[Records to process Boundary: Start]

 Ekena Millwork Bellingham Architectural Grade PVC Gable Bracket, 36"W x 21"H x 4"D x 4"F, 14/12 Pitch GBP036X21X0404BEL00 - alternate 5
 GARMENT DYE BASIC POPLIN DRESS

[Records to process Boundary: End]
[Records to process Boundary: Start]

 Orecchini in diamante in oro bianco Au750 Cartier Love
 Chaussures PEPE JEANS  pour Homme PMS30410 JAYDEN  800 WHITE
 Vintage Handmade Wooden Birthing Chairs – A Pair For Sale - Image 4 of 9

[Records to process Boundary: End]

» **Directions for this task**
Print exactly the lines above, between the one holding "Ekena Millwork Bellingham" and the one holding "GARMENT DYE BASIC POPLIN DRESS", inclusive, and nothing besides.

» **Solution for this task**
 Ekena Millwork Bellingham Architectural Grade PVC Gable Bracket, 36"W x 21"H x 4"D x 4"F, 14/12 Pitch GBP036X21X0404BEL00 - alternate 5
 GARMENT DYE BASIC POPLIN DRESS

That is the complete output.